Hace mucho tiempo que leo esta frase poética como si R.M. Rilke la hubiera dirigido a mí:
Du aber bist der tieste Mittlelose, der Bettler mit verborgenem Gesicht, du bist der Armut Gross Rose, die ewige Metamorphose des Golden in der Sonnen Licht.
Frase que en su día traduje de la siguiente manera:
Pero tu eres el más profundo de los sin medios, el pordiosero con la cara oculta, eres la gran rosa de la pobreza, la eterna metamorfosis del oro en la luz del sol.
Palabras estas que podrían servir como epigrama de mi obra póstuma: no ambiciono dinero pero sí luz. Es decir, soy enormemente ambicioso pues mi finalidad no es de este mundo. Sin embargo, lo que hoy deseo es copiar aquí una cita que Rilke usa al menos dos veces en su correspondencia, la última en una carta a Lou Andreas-Salomé y que he encontrado ya traducida.
Si todos los sabios del mundo y todos los santos del paraíso me abrumaran con su consuelo y sus promesas, y dios mismo con sus dones, si no me cambiaba a mí mismo, si no surgía de mi interior una nueva obra, en lugar de hacerme bien, los sabios, los santos y dios, exasperarían más allá de lo imaginable mi desesperación, mi rabia, mi tristeza y mi ceguera.
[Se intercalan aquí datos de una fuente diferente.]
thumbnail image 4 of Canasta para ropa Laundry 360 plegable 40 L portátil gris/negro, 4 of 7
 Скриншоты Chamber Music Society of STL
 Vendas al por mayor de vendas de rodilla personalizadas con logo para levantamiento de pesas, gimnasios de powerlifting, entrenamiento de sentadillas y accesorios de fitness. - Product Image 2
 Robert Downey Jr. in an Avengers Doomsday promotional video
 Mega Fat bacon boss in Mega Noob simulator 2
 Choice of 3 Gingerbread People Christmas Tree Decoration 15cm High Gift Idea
Es decir que mi obra póstuma debe surgir de mí mismo, evitando toda imitación y ha de cambiarme a mí. Y así doy por expresado mi deseo de ser como Rilke tanto en mi trabajo, para que salga de mí una obra propia, como en mi ambición de convertir el dinero en la luz del sol. Hoy quiero argumentar que el camino para alcanzar este deseo mío pasa por lo que generalmente se llama «saber escuchar» aunque esto no consiste solo en callar mientras otro habla, sino sobre todo en no dejarte llevar por el deseo de pavonearte expresando tus ideas, tengan estas que ver con las del otro o no, actitud esta que te llevaría a no entender a ese otro.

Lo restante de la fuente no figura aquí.